Группа директоров, а среди них наиболее активными были авиационные директора, поскольку авиационная техника была и до сих пор, наверное, остается самой передовой не только по средствам, которые она использует, но и по формам организации, — группа директоров и выступила тогда. Появилась статья в газете «Правда». Но были и внутренние документы, где говорилось о необходимости предоставить больше прав директорам, разрешить увольнять людей, устанавливать достаточно свободную оплату труда в каких-то рамках, при этом они обещали повысить производительность труда при тех же финансовых затратах и т.д. Эту линию, по-видимому, проводил и поддерживал Маленков. Он заведовал партийными кадрами и одновременно был ответственным за оборонную промышленность. У него был свой круг людей, и отец входил, наверное, во второй эшелон тех, кто работал с ним. Первый круг — министры, заместители министров. В авиационной промышленности до 1946 г. министром был Шахурин, первым замминистра — Дементьев. Отец занимал положение второго уровня.
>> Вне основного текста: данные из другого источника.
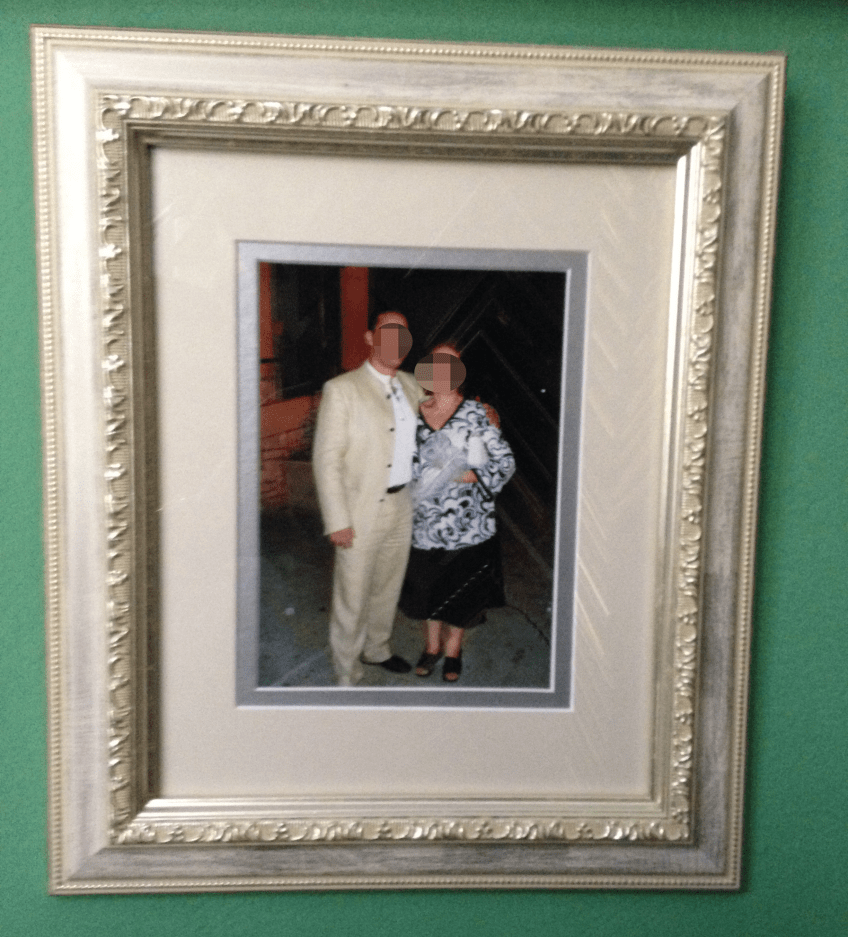 Ξύλινη, λευκή, σκαλιστή κορνίζα με λευκή απόχρωση σε γυαλιστερό τζάμι και διπλό πασπαρτού εκρού και ασημί για περίγραμμα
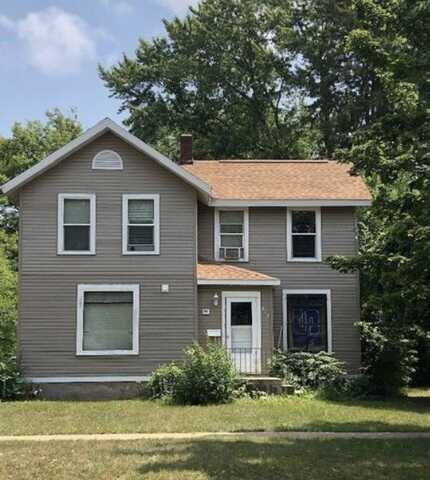 914 7th Street E, Menomonie, WI 54751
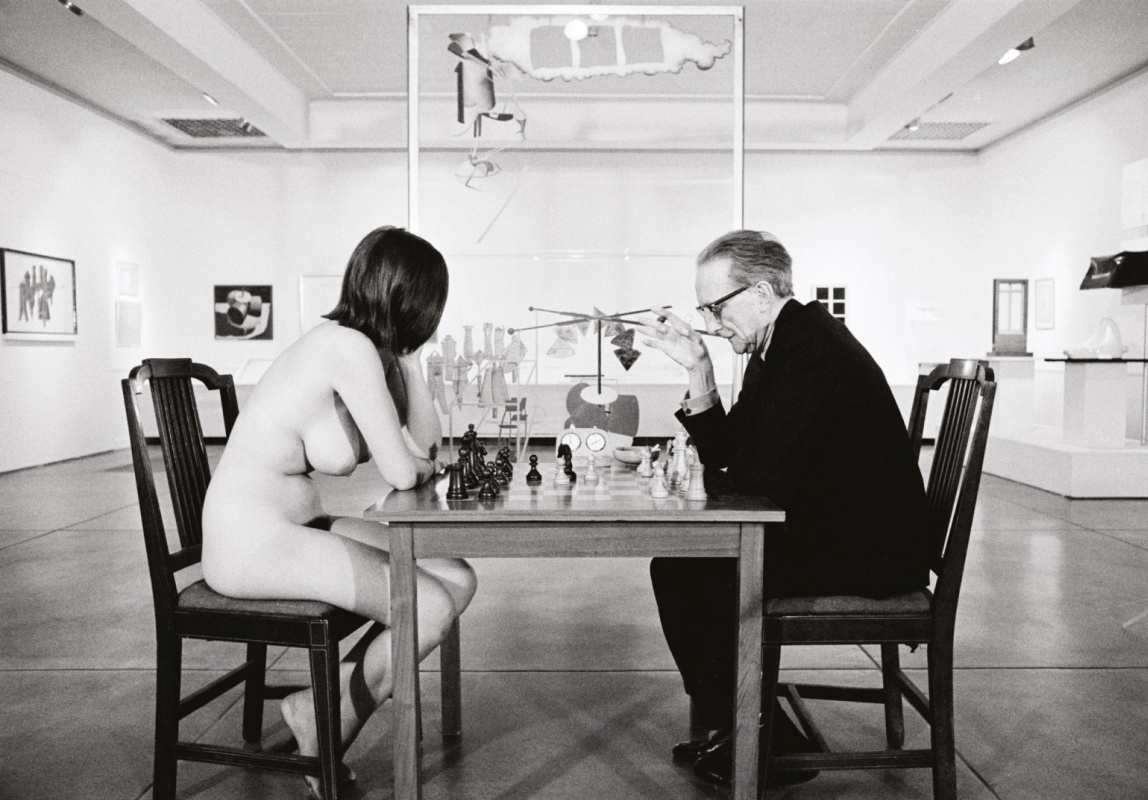 Duchamp Playing Chess With A Nude (Eve Babitz) at Pasadena Art Museum, October 18, 1963. Duchamp Playing Chess With A Nude (Eve Babitz) at Pasadena Art Museum, October 18, 1963.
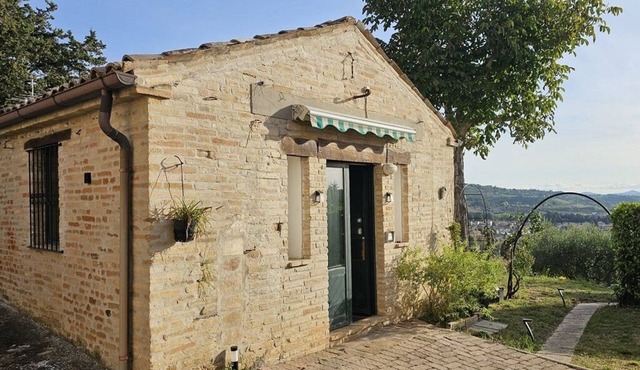 Comfortable Guesthouse in Scenic Italian Countryside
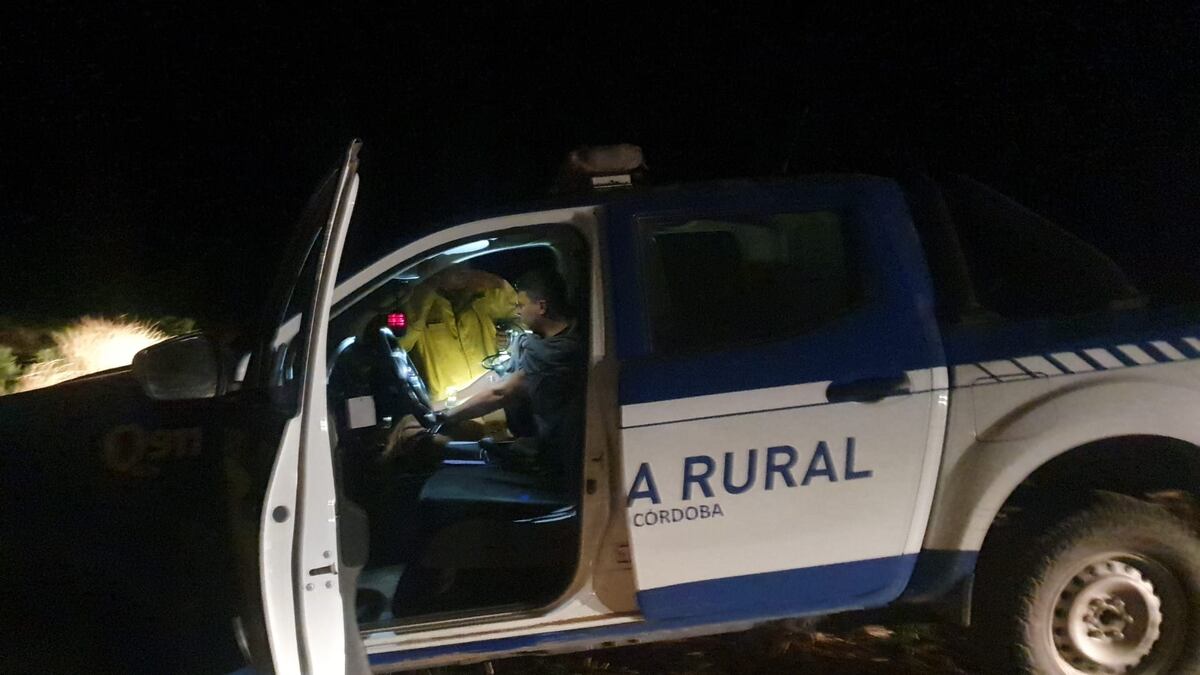 Avioneta tuvo que aterrizar de emergencia en la laguna Mar Chiquita. (Policía de Córdoba)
Отцу как раз и было поручено разработать проект новой организации — обоснование, расчеты и прочее. Но ситуация резко изменилась: Маленков был оттеснен на задний план, на первое место вышел Андрей Жданов. Естественно, он начал отовсюду убирать людей Маленкова, шла острейшая подковерная борьба, и в конце концов первый слой его людей (самого Маленкова не могли тронуть) просто посадили. В 1948 году был арестован Шахурин: аресты шли на очень высоком уровне. Шахурин был генерал-полковник, герой соцтруда и т.д., причем кадровый партийный работник, который прошел всю вертикаль от секретаря парткома первого авиационного завода до министра и члена ЦК ВКП(б). Были арестованы работники аппарата ЦК, курировавшие авиационную промышленность, танковую и т.п.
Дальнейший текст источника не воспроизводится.